Search engine spiders and your web site
April 24, 2009 by top 10 optimizer
Filed under Search Engine Optimization
Are you sure that search engines understand your web site? Search engines see your web pages with different eyes than web surfers.
A web page that looks great to the human eye can be totally meaningless to search engines. For example, search engines cannot read the text on the images of your web site, and many don’t understand web languages such as JavaScript or CSS.
If you have a great looking web site that is meaningless to search engines, you won’t be able to achieve high search engine rankings with that web site – no matter how good and interesting your web site content is.
In general, search engines cannot see content that is presented in the following file formats:
- images (GIF, JPEG, PNG, etc.)
- Flash movies, flash banners, etc.
- JavaScript and other script languages
- other multimedia file formats
Some search engines can index some of these file formats but in general, it’s very difficult to obtain high search engine rankings if your main web site content is presented only in these formats.
Search engines need text to index your web site. They cannot know what’s written on your GIF or JPEG images or in your Flash movies. If you use a lot of images on your web site, you should also create some web pages that contain a lot of text.
If you want to find out how search engines see your web site, you have to use a search engine spider simulator tool. A search engine spider simulator tool emulates the software programs search engines use to index your web site. They show you what elements of your web site are visible to search engines.

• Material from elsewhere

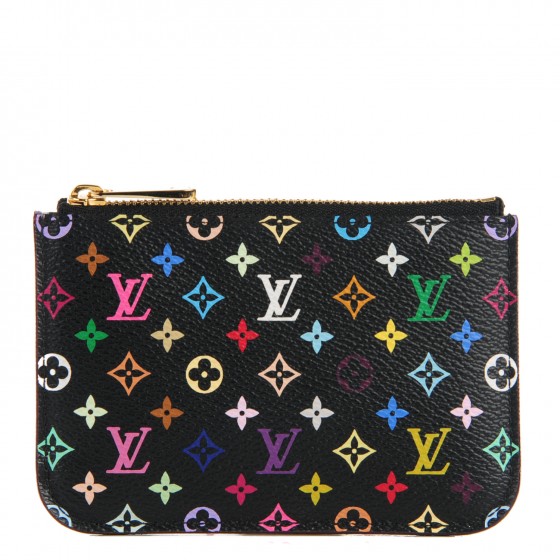 louis vuitton multicolor key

Top10Optimizer’s search engine spider simulator helps you to find out how search engines see your web site. Top10Optimizer’s spider simulator even allows you to emulate special search engines spider names so that you can find out if your competitors send different pages to search engine spiders.
Just enter the URL of your web site and Top10Optimizer’s will tell you what text and which links search engines can find on your site.
That allows you to quickly find out whether your web site lacks information that search engines need to properly index your web site.
see sample of Top10Optimizer’s search engine spider simulator reports
15 things that you can do when your website is not listed
April 22, 2009 by top 10 optimizer
Filed under Search Engine Optimization
15 things that you can do when your website is not listed
First of all, you should make sure you can give the web page for which you want to get high rankings a 100% rating.
If you have a 100% rating, make sure that the following factors don’t destroy your optimization work:
1. Don’t use frames
If at all possible, avoid frames. Many search engines have difficulty with frames and it is very difficult to get high search engine rankings for websites that use frames.
Even Google has difficulty with frames. Here’s Google’s official statement about frames:
“Google supports frames to the extent that it can. Frames can cause problems for search engines because they don’t correspond to the conceptual model of the web. In this model, one page displays only one URL. Pages that use frames display several URLs (one for each frame) within a single page.”
2. Avoid Flash and other multimedia elements
Most search engines cannot index Flash pages. The normal text content on your web pages matters most to search engines. If you must use Flash on your website, make sure that you also offer normal text for the search engines. Text in Flash elements is invisible to search engines.
3. Don’t use welcome pages
Some websites use a “Welcome to our website” image with a link to the actual site as the index page for the website. Don’t do this. Some search engines might not follow the link on the welcome page and your index page won’t contain any useful content for search engines.
In addition, most web surfers don’t like these welcome pages. Your index page should not look like www.zombo.com
4. Choose a reliable hosting service
Your web page should be hosted by a reliable hosting service. Otherwise, it could happen that your web server is down when a search engine spider tries to index it. If your website fails to respond when the search engine’s index software program visits your site, your site will not be indexed.
Even worse, if your website is already indexed and the search engine spider finds that your site is down, you could be removed from the search engine database. It’s essential to host your website on servers that are very seldom down.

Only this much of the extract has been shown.